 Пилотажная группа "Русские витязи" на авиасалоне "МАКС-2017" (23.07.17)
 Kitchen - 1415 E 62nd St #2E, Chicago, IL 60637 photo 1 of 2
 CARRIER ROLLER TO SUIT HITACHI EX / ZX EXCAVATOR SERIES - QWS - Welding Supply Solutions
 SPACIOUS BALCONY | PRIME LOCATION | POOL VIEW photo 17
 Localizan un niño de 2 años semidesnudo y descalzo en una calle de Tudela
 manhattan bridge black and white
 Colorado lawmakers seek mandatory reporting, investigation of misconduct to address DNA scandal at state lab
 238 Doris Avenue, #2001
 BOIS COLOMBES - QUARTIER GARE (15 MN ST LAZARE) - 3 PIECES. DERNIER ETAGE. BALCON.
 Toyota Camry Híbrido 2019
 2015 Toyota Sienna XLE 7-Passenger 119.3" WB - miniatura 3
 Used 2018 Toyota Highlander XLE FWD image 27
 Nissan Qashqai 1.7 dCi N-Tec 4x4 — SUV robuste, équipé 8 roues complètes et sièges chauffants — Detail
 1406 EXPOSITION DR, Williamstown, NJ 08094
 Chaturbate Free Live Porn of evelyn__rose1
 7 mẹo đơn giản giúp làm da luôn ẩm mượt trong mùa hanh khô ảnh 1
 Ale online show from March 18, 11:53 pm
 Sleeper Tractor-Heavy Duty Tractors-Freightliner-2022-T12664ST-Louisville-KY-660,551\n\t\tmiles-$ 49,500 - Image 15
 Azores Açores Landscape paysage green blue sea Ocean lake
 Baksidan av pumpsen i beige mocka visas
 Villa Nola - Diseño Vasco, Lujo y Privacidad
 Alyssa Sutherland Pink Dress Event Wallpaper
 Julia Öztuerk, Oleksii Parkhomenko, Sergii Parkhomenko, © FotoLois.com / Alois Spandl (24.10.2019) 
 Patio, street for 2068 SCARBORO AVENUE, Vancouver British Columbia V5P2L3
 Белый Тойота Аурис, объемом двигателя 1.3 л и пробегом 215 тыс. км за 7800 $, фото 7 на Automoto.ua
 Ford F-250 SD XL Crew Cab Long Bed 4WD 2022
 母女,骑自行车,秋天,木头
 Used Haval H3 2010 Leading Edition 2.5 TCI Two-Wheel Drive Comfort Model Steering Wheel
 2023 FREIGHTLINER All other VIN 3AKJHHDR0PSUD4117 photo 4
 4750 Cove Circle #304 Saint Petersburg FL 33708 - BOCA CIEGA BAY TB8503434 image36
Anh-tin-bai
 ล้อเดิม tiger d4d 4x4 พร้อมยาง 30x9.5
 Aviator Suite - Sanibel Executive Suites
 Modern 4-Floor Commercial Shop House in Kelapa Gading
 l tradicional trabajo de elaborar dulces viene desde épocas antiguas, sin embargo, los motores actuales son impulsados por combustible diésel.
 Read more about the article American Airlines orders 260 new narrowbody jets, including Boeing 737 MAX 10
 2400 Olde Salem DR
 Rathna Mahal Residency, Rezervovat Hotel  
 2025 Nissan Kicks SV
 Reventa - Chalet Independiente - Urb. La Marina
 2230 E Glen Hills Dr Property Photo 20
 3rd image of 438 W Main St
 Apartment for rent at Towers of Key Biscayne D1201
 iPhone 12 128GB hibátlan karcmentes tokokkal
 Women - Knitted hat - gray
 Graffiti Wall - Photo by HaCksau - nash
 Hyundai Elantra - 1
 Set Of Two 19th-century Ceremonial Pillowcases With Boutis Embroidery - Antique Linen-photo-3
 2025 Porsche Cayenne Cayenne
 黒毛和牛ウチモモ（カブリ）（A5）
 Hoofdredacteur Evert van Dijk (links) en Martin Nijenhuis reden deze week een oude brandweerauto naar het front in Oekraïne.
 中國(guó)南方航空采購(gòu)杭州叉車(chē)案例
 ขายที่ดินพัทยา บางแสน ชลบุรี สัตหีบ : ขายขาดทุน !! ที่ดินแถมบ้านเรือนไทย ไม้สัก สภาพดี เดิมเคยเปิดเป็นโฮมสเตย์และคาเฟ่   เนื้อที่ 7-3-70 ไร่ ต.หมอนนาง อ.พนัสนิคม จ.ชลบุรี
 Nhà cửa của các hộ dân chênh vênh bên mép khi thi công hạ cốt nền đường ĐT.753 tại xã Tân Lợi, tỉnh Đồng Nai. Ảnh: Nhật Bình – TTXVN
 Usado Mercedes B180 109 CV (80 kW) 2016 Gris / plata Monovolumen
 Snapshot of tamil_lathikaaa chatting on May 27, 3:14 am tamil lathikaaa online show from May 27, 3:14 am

◆ **Work request**: In the listing, find each line with the string "show" and copy it.

◆ **Answer to the exercise**:
 Ale online show from March 18, 11:53 pm
 Snapshot of tamil_lathikaaa chatting on May 27, 3:14 am tamil lathikaaa online show from May 27, 3:14 am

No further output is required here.